I want to know if there is a more efficient way of doing this but with a data.table:

# vector example
all <- c(4,4,2,1,2)
(uniq <- unique(all))
## [1] 4 2 1
match(all,uniq)
## [1] 1 1 2 3 2

The idea is to get all the unique rows from a data.table but, at the same time, to identify for each row of the original data.table to which row of the unique DT it matches. Maybe it is more clear with the example below.

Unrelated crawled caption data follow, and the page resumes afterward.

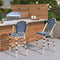 OPEN BOX I PURPLE LEAF French Counter Height Bar Height Stool Set of 2, Patio Bar Chairs with Back Rattan, French Bistro Set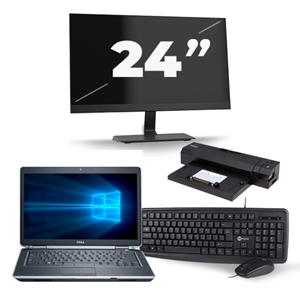 Dell Latitude E6430 - Intel Core i7-2e Generatie - 14 inch - 8GB RAM - 256GB SSD - Windows 10 + 1x 24 inch Monitor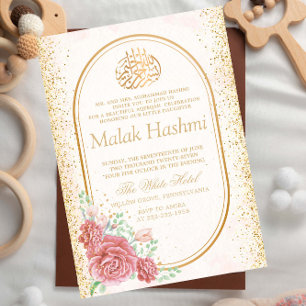 Elegant Floral Gliter Islamic Aqiqa Aqeeqa Baby Einladung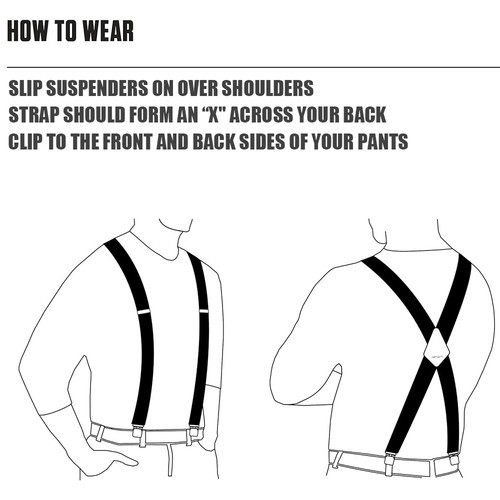 Hosenträger für Herren X-Form Hosengurte Damen Verstellbar Hosenhalter mit Clips - Bild 7 von 14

Edit: My desire output is a data table with the unique rows AND a vector with the row positions of the original table in the unique-rows' table (i.e. a vector of length nrow(dt))

This is the best solution that I've found so far:

library(data.table) # data.table 1.12.0
# small data.table example   ## edited to be reproducible 
m <- matrix(c(5, 5, 5, 5, 6, 5, 6, 6, 7, 7, 5, 5, 7, 5, 6, 6), nrow = 8, ncol = 2)
dt <- setDT(as.data.frame(m)) 
dt.uniq <- unique(dt)

#this returns the ID or position of the rows in the first table on the second table
match(transpose(dt), transpose(dt.uniq))
## [1] 1 1 2 2 3 2 4 4


Solution

  • Here is a possible approach with data.table version 1.12.4:

    DT[, urow := unique(DT)[DT, on=.NATURAL, which=TRUE]]
    

    output:

       V1 V2 urow
    1:  7  5    1
    2:  5  6    2
    3:  6  5    3
    4:  7  6    4
    5:  7  7    5
    6:  7  6    4
    7:  7  5    1
    8:  6  6    6
    

    data:

    library(data.table) #data.table_1.12.4
    set.seed(9L)
    DT <- as.data.table(matrix(sample(5:7, 16, replace = T), nrow = 8, ncol = 2))
    DT
    

    Edit to address comments:

    1) on=.NATURAL

    From ?data.table under the Arguments section in on:

    When .NATURAL keyword provided then natural join is made (join on common columns).

    That is, in X[Y, on=.NATURAL], keys used for joining are columns that are both found in X and Y (intersect(names(X), names(Y))).

    2) which=TRUE

    From ?data.table under the Arguments section in which:

    TRUE returns the row numbers of x that i matches to. If NA, returns the row numbers of i that have no match in x. By default FALSE and the rows in x that match are returned.

    That is, the row indices of x (unique(DT) in OP) are returned from the join with i (DT here).